### Work instruction
Would you repeat the data below exactly, taking out the images?

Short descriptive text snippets
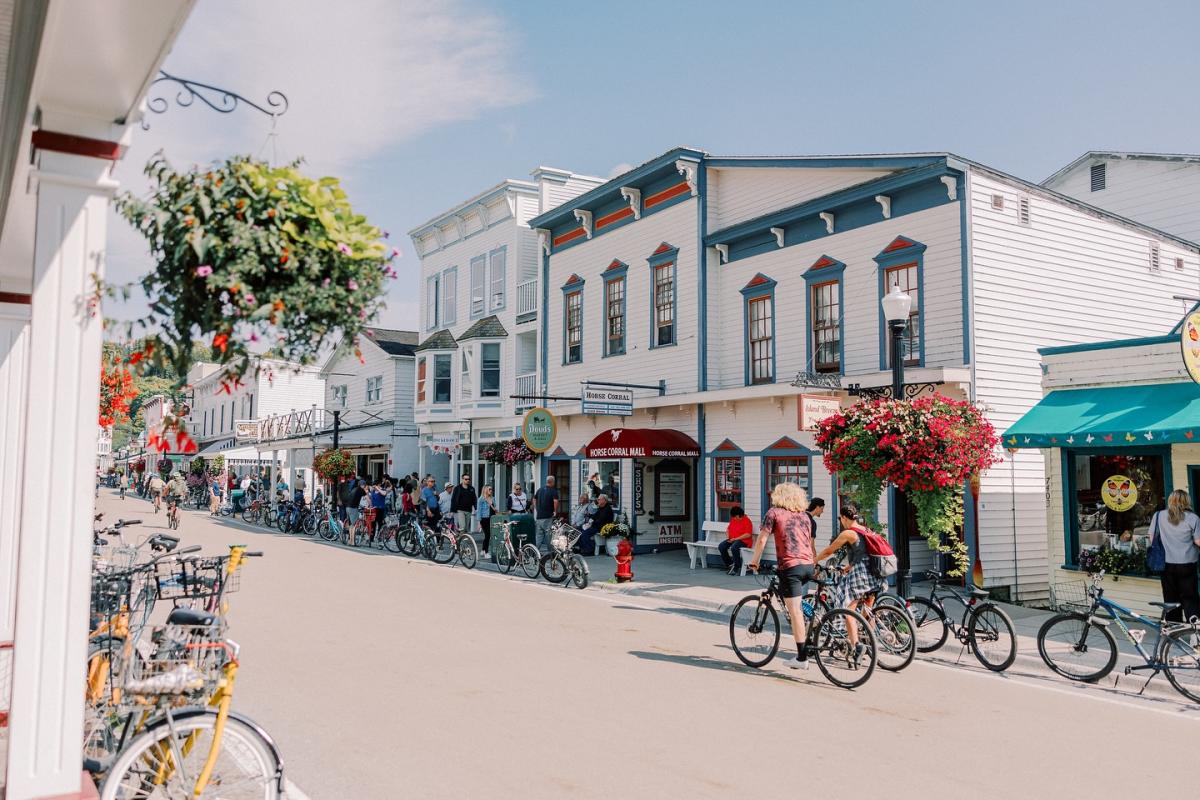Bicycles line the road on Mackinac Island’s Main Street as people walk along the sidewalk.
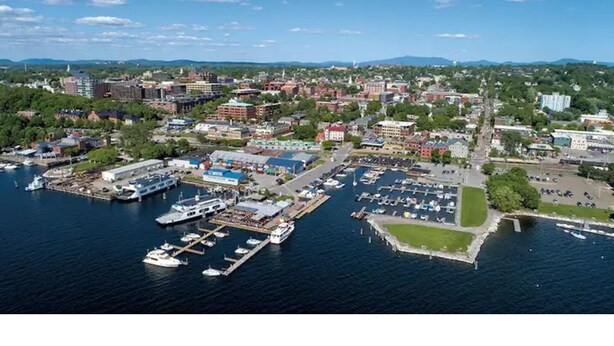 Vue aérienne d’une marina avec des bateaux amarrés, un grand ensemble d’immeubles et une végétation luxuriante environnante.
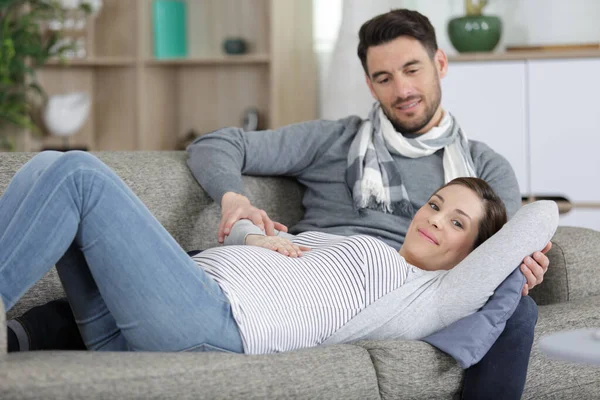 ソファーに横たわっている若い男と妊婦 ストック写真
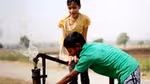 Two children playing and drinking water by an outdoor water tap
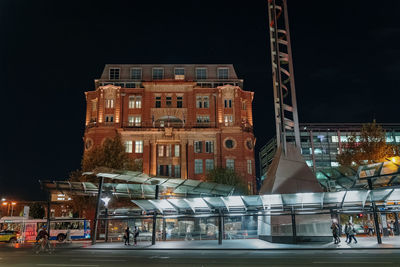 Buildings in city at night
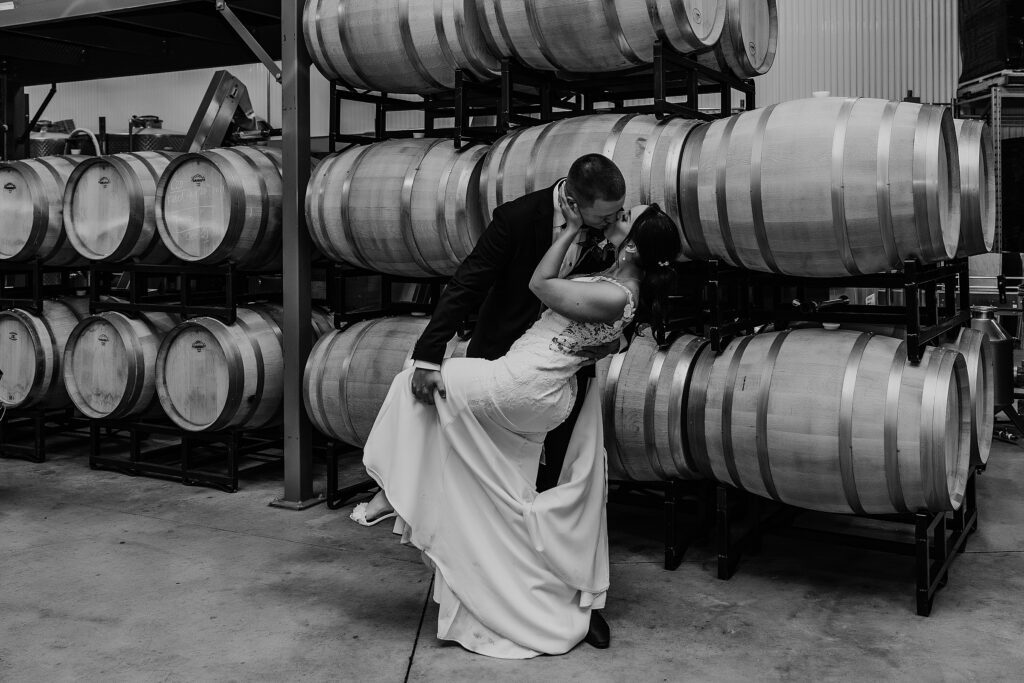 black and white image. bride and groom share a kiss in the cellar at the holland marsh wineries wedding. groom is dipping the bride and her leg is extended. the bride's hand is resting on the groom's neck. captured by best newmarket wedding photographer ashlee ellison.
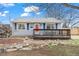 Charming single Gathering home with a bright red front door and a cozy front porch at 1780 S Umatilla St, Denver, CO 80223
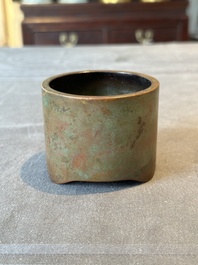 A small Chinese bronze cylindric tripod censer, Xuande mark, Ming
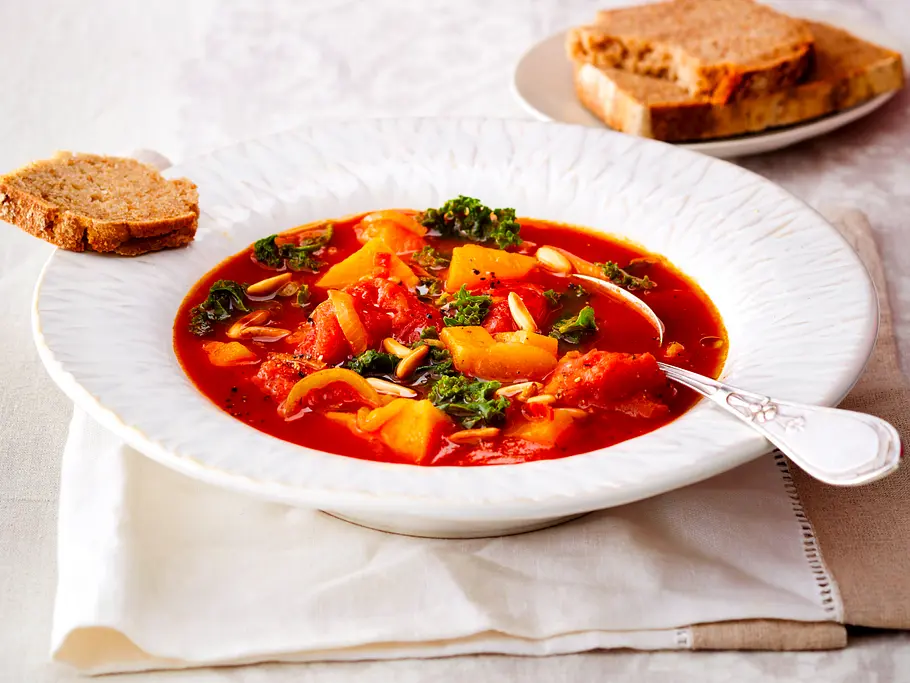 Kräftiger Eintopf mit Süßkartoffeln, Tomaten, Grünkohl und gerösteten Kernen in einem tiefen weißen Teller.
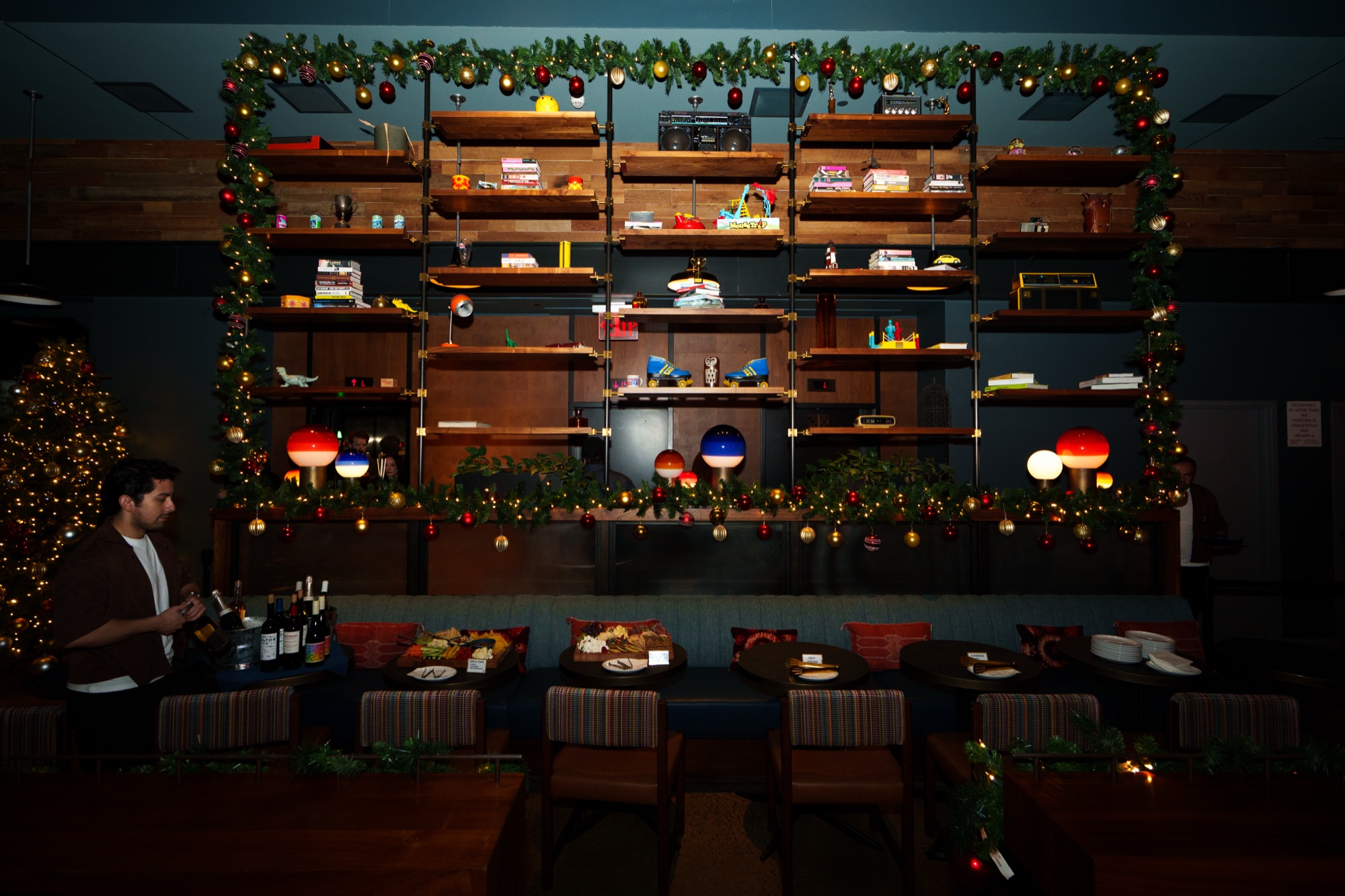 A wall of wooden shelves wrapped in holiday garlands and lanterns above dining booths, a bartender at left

### Task solution
Bicycles line the road on Mackinac Island’s Main Street as people walk along the sidewalk.
 Vue aérienne d’une marina avec des bateaux amarrés, un grand ensemble d’immeubles et une végétation luxuriante environnante.
 ソファーに横たわっている若い男と妊婦 ストック写真
 Two children playing and drinking water by an outdoor water tap
 Buildings in city at night
 black and white image. bride and groom share a kiss in the cellar at the holland marsh wineries wedding. groom is dipping the bride and her leg is extended. the bride's hand is resting on the groom's neck. captured by best newmarket wedding photographer ashlee ellison.
 Charming single Gathering home with a bright red front door and a cozy front porch at 1780 S Umatilla St, Denver, CO 80223
 A small Chinese bronze cylindric tripod censer, Xuande mark, Ming
 Kräftiger Eintopf mit Süßkartoffeln, Tomaten, Grünkohl und gerösteten Kernen in einem tiefen weißen Teller.
 A wall of wooden shelves wrapped in holiday garlands and lanterns above dining booths, a bartender at left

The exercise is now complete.